A Flexible Blended Learning Model + Universal Design for Learning Principles = Success for All Students
There is little doubt that modern learning technologies can have enormous benefits for a wide range of students, including students who struggle with sensory, attention, and language needs (Meyer & Rose, 2005). Researchers at the Center of Applied Special Technology (CAST) have been working to develop new universally designed learning techniques and technologies to personalize instruction for all students (Center for Applied Special Technology, 2017).
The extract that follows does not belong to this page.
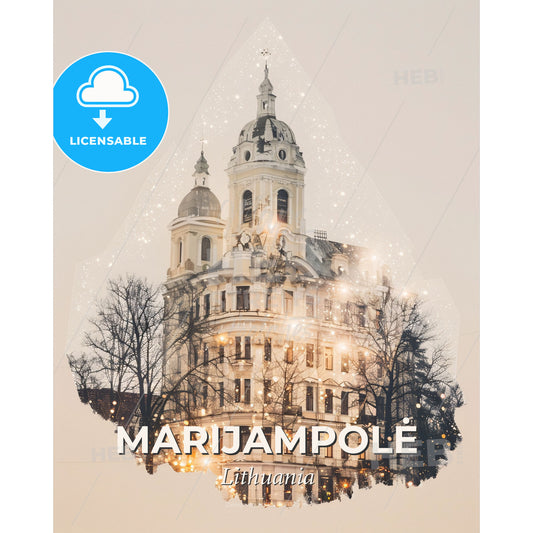 Marijampolė, Lithuania: City Icons Skyline Glow - A building with trees and lights - Square format print template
Universal Design for Learning (UDL) is a research based framework that helps curriculum designers and teachers create learning environments that are inclusive and effective for all learners, including those with Autism Spectrum Disorder (ASD), as well as English learners (EL).

“It’s like having FUN and LEARNING at the same time.” — 7th Grader, Northern California District

UDL was defined by the Higher Education Opportunity Act (2008) as a scientifically valid framework for guiding educational practice. UDL provides flexibility in the ways that information is presented, in the ways that students respond to information or demonstrate knowledge and skills, and in student engagement. UDL also reduces barriers in instruction, provides appropriate accommodations, supports and challenges students, and maintains high achievement expectations for all students.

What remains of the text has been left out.